Gemma in PyTorch

View on ai.google.dev Run in Google Colab View source on GitHub

This is a quick demo of running Gemma inference in PyTorch. For more details, please check out the Github repo of the official PyTorch implementation here.

Note that:

  • The free Colab CPU Python runtime and T4 GPU Python runtime are sufficient for running the Gemma 2B models and 7B int8 quantized models.
  • For advanced use cases for other GPUs or TPU, please refer to README.md in the official repo.

Kaggle access

To login to Kaggle, you can either store your kaggle.json credentials file at ~/.kaggle/kaggle.json or run the following in a Colab environment. See the kagglehub package documentation for more details.

import kagglehub

kagglehub.login()

Install dependencies

pip install -q -U torch immutabledict sentencepiece

Download model weights

# Choose variant and machine type
VARIANT = '2b-it'
MACHINE_TYPE = 'cuda'
import os

# Load model weights
weights_dir = kagglehub.model_download(f'google/gemma/pyTorch/{VARIANT}')
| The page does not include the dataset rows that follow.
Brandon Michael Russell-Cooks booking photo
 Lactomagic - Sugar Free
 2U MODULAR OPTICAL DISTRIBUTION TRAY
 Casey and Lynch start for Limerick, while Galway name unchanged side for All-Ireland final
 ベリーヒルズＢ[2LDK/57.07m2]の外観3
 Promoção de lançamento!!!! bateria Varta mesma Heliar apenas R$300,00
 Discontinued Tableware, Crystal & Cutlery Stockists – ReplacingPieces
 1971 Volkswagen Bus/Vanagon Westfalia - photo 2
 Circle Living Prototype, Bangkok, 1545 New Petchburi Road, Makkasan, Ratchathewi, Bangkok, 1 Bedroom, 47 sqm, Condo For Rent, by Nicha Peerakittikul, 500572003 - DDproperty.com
# Ensure that the tokenizer is present
tokenizer_path = os.path.join(weights_dir, 'tokenizer.model')
assert os.path.isfile(tokenizer_path), 'Tokenizer not found!'

# Ensure that the checkpoint is present
ckpt_path = os.path.join(weights_dir, f'gemma-{VARIANT}.ckpt')
assert os.path.isfile(ckpt_path), 'PyTorch checkpoint not found!'

Download the model implementation

# NOTE: The "installation" is just cloning the repo.
git clone https://github.com/google/gemma_pytorch.git
import sys

sys.path.append('gemma_pytorch')
from gemma_pytorch.gemma.config import get_config_for_7b, get_config_for_2b
from gemma_pytorch.gemma.model import GemmaForCausalLM

Setup the model

import torch

# Set up model config.
model_config = get_config_for_2b() if "2b" in VARIANT else get_config_for_7b()
model_config.tokenizer = tokenizer_path
model_config.quant = 'quant' in VARIANT

# Instantiate the model and load the weights.
torch.set_default_dtype(model_config.get_dtype())
device = torch.device(MACHINE_TYPE)
model = GemmaForCausalLM(model_config)
model.load_weights(ckpt_path)
model = model.to(device).eval()

Run inference

Below are examples for generating in chat mode and generating with multiple requests.

The instruction-tuned Gemma models were trained with a specific formatter that annotates instruction tuning examples with extra information, both during training and inference. The annotations (1) indicate roles in a conversation, and (2) delineate turns in a conversation. Below we show a sample code snippet for formatting the model prompt using the user and model chat templates in a multi-turn conversation. The relevant tokens are:

  • user: user turn
  • model: model turn
  • <start_of_turn>: beginning of dialogue turn
  • <end_of_turn>: end of dialogue turn

Read about the Gemma formatting for instruction tuning and system instructions here.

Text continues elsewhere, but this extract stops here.